DIRECTIONS: Within the records below, reproduce without change the lines from the line that has "Twist Bangle Bracelet" through the line that has "Maruti Suzuki Swift", and only those.

***** DATASET EXTRACT

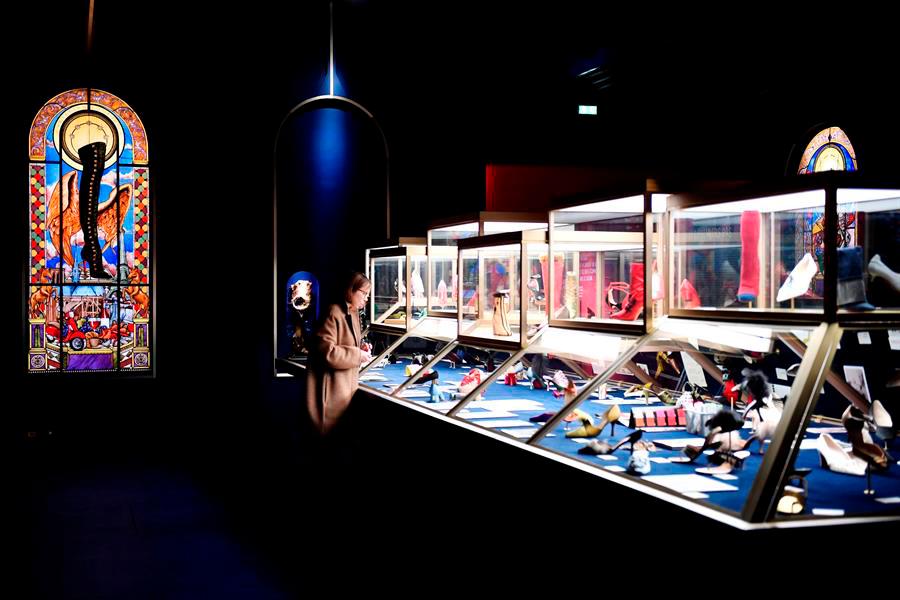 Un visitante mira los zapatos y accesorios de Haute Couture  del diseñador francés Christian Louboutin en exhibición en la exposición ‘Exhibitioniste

**********
***** DATASET EXTRACT

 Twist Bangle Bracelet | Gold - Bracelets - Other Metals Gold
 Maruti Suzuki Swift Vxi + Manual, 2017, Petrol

**********
***** DATASET EXTRACT

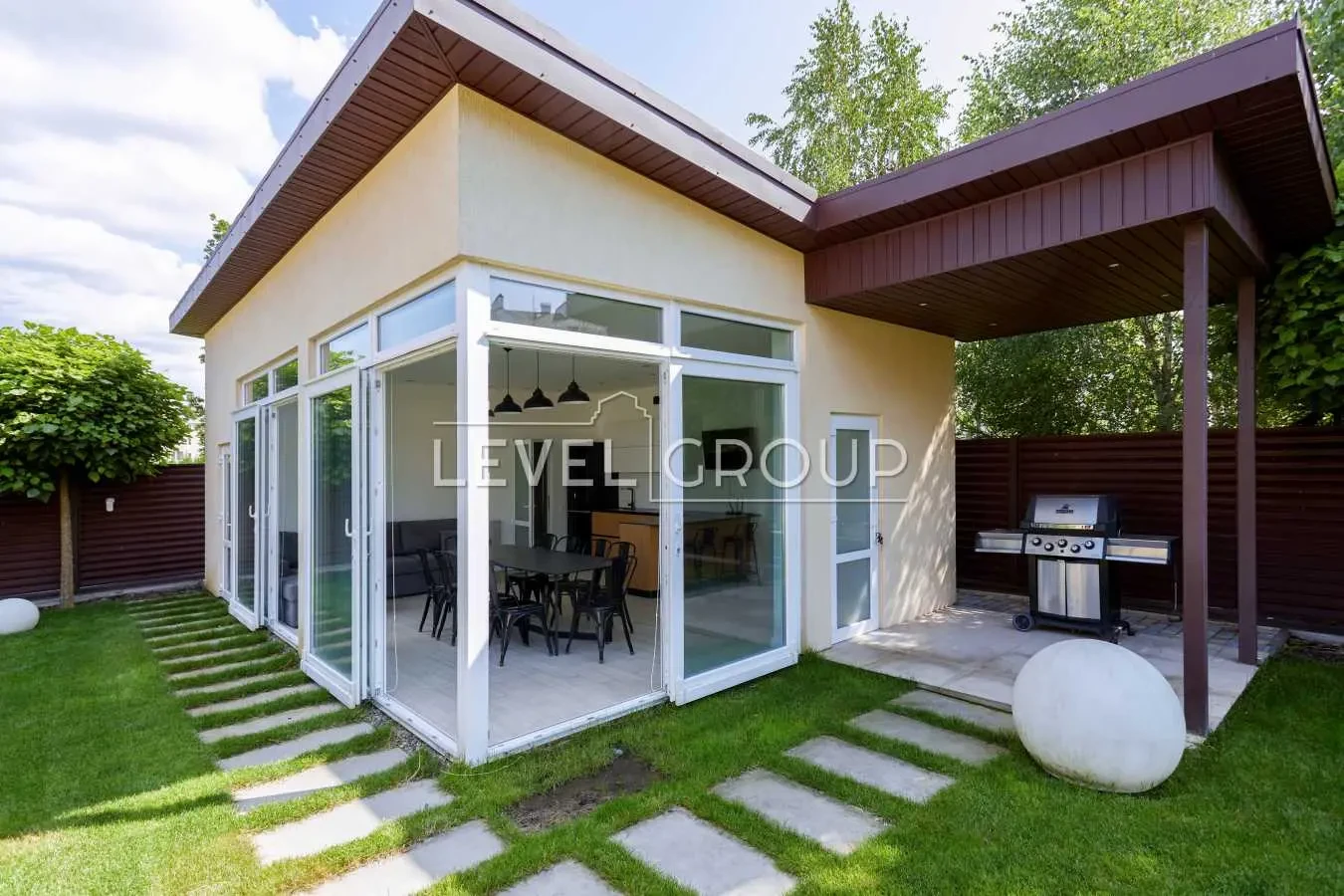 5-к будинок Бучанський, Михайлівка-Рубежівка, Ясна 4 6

**********

RESULT FOR THIS EXERCISE:
 Twist Bangle Bracelet | Gold - Bracelets - Other Metals Gold
 Maruti Suzuki Swift Vxi + Manual, 2017, Petrol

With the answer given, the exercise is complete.